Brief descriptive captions
· · · · ·
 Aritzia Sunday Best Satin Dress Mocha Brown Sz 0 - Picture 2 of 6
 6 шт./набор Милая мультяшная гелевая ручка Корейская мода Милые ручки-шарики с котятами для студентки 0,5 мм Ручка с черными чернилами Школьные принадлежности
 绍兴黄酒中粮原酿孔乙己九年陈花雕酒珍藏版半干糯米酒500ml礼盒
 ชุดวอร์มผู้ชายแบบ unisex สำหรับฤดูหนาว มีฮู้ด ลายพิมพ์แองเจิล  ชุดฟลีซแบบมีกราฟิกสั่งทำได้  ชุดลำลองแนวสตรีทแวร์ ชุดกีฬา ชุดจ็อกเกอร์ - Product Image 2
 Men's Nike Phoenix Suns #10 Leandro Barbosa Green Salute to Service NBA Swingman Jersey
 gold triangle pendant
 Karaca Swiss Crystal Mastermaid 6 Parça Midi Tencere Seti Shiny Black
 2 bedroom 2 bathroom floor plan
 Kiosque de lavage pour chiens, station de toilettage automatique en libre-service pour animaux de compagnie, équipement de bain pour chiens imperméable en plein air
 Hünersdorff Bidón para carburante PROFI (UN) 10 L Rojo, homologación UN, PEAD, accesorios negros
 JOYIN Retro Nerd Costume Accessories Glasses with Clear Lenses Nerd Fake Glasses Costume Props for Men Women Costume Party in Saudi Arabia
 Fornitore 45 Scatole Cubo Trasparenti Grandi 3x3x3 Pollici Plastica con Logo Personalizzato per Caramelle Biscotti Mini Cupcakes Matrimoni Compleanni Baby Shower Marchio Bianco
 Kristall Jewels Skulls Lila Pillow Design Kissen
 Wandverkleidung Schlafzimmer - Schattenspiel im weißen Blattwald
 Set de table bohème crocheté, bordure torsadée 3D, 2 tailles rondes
· · · · ·
### INSTRUCTIONS FOR THE TASK
Starting at the line that has "Men's Nike Phoenix" in the records above, restate word for word every line until the one that has "2 bedroom 2 bathroom floor plan", and include that one as well.

### TASK RESULT
 Men's Nike Phoenix Suns #10 Leandro Barbosa Green Salute to Service NBA Swingman Jersey
 gold triangle pendant
 Karaca Swiss Crystal Mastermaid 6 Parça Midi Tencere Seti Shiny Black
 2 bedroom 2 bathroom floor plan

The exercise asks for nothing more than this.